However, the paper lacks an analytical explanation regarding why foundation models, despite their reduced direct classification accuracy under transformations, possess robust and accurate ranking abilities, even without finetuning on downstream tasks. For instance, Figure 5 suggests CLIP inherently identifies canonical viewpoints even without task-specific fine-tuning, outperforming a fine-tuned version in terms of viewpoint robustness. The paper provides strong experimental results but does not sufficiently explore or explain the underlying mechanisms or reasons behind this key capability.

方法与评估标准

As acknowledged by the authors, estimating the canonical form for every image involves multiple transformations, necessitating the use of Gaussian processes for efficient search. Despite using GP, the proposed approach still likely demands significantly more computational resources. Furthermore, in realistic scenarios, images typically undergo multiple combined transformations rather than isolated ones (e.g., viewpoint + color + contrast + active vision). While evaluating single transformations separately is understandable for methodological clarity, this raises concerns that employing Bayesian optimization to search through a more complex and realistic transformation space could become increasingly infeasible.

Additionally, Figure 5 shows that finetuned CLIP performs better for samples with high viewpoint rankings (easy samples). How can we determine, given a specific sample image, whether naive finetuned CLIP or FoCAL would yield better performance?

理论论述

There are no theoretical claims to discuss.

实验设计与分析

What is the inference time of the proposed method compared to baselines such as finetuned CLIP, TTA, and PRLC?

补充材料

No supplementary material (only appendix).

与现有文献的关系

Proposed model could be used in the future to enhance the test-time performance of foundation models.

遗漏的重要参考文献

None.

其他优缺点

None.

其他意见或建议

None.

作者回复

Thank you for your insightful feedback. We are glad you recognize our empirical strengths in canonicalizing images on a range of transformations, and we hope FOCAL can be a key step towards a zero-shot approach. We respond to your concerns and questions below:

  • “The paper lacks an analytical explanation regarding why foundation models, despite their reduced direct classification accuracy under transformations, possess robust and accurate ranking abilities, even without finetuning on downstream tasks.”

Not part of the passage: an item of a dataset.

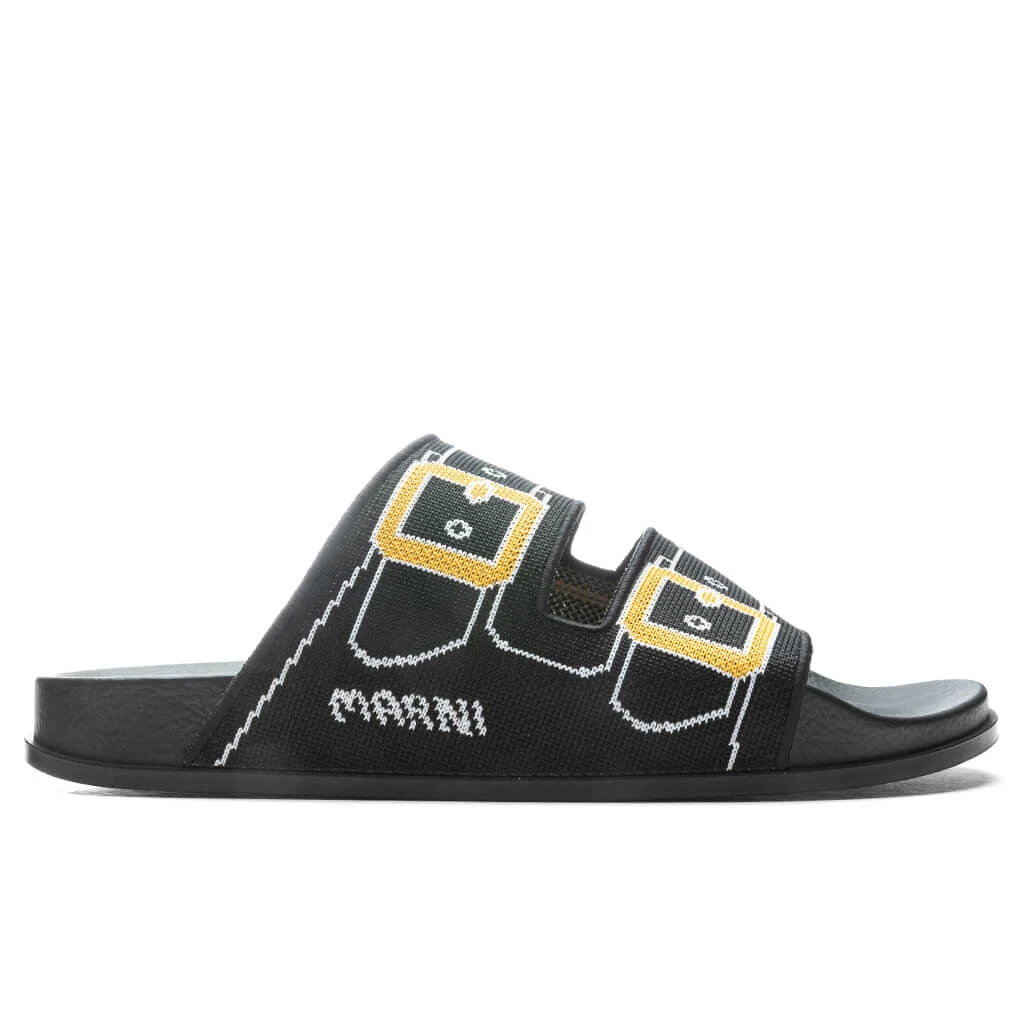 Marni Sandal - Black/Gold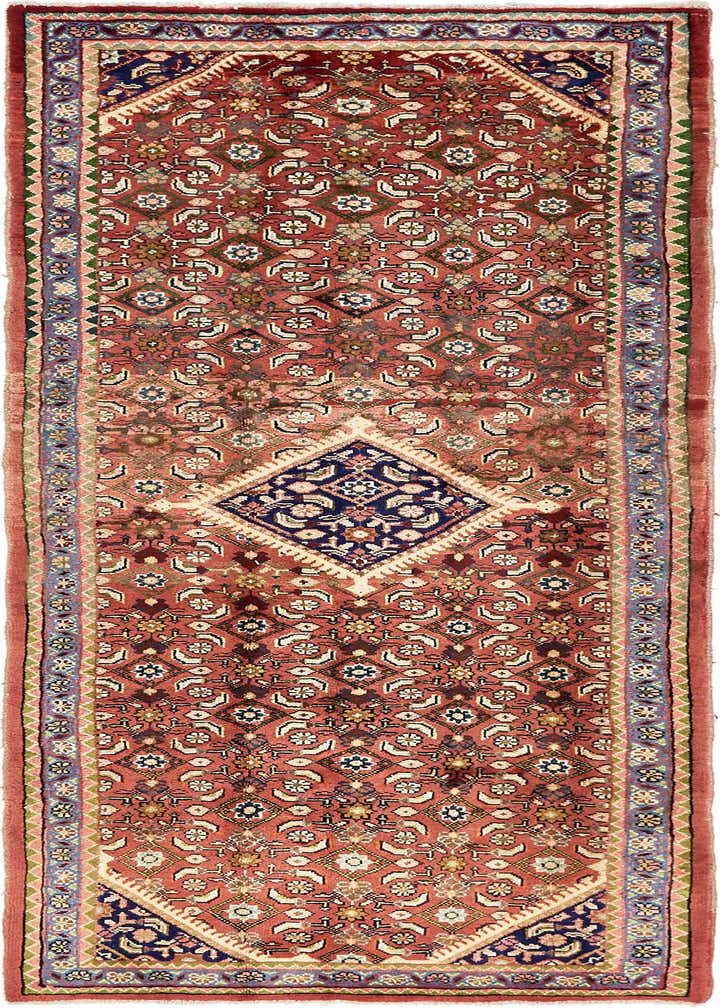 3' 7 x 9' 11 Hand Knotted Farahan Persian Wool Runner Rug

    • That’s a good point, and we will add a more detailed explanation about this in section 4 as outlined below.

    • Specifically, we assume: (1) there is at least one in-distribution image in the set of transformed images, and (2) the foundation models can be used as a prior where ID images have lower energy than OOD. This has been shown/used previously by [1, 2].

      [1] https://arxiv.org/abs/2206.09012

      [2] https://arxiv.org/abs/1912.03263

    • If these two assumptions hold for a given sample, the energy minimization scheme returns an image that is in-distribution. Importantly, this scheme only requires the foundation models to distinguish between ID vs OOD images. Even if the classification and energy values for OOD images are not well-behaved, our scheme still works as long as in-distribution images have lower energy than out-of-distribution images.

      We acknowledge that the limits of foundation models to serve as image priors are still not fully understood. There may be transformations or OOD images for which assumption 2 may not hold. A rigorous understanding of exactly when foundation models work well as image priors is a great future direction.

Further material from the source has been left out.